You see in proofs, it is very easy to proof that something will not work. Simply provide one counter example where it doesn't work and boom, you can be sure that it won't work. But to prove that something works, you either have to show that it works for every individual case or prove it in some other way.
So thinking hard about this, what better way to give my manager the piece of mind than proving with some cold hard data. Data of all the users using the service in all the different ways captured from the logs. (It might be difficult to understand what I'm exactly talking about here without actually saying what I did, but I can't reveal that, sorry 😞.)
In some companies which have user facing products used by millions if not billions, there are entire dedicated teams which perform these types of analysis and they don't release to production in one go. They might do it first through AB tests or through some sort of canary deployments.
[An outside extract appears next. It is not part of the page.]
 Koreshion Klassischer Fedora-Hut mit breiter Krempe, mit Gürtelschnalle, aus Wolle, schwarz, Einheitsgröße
But for my team's service, I've got to do all that by myself bud 😏. But that is okay. This is necessary ownership that comes when owning a feature or product. You have to own the feature from development all the way to deployment and have to take responsibility for any issues.
So what next?
So I analysed all the usage logs, aggregating data and proved how my change will affect the systems and why it won't break production. As a result of my analysis I discovered that I had to do one slight change before deploying my change for extra safety 🦺.
Takeaway
This episode really thought me not to think like I'm still in school or developing a personal project. With personal projects, I just code and deploy anything I want without giving a second thought about how this might affect the user since there's little to no user traffic at all. I might be even able to get away with it if there are very little users since I mostly likely might have covered the obvious scenarios.
But when working on real software that are used by hundreds and thousands of users with real business impact, I realized the need to be very meticulous and rigorous in coding and releasing anything at all.
Of course even with very little users, there could be scenarios that you didn't think of, but it becomes more significant when thousands or hundreds of thousands of users use your product.
I've learned to always keep the end users in mind and substantiate any of my suggestions or solutions with data. This might not always be possible but whenever it is, I do it. So a key learning for me has been this:
Always keep the user in mind when developing, support my solutions with data especially when deploying to prod.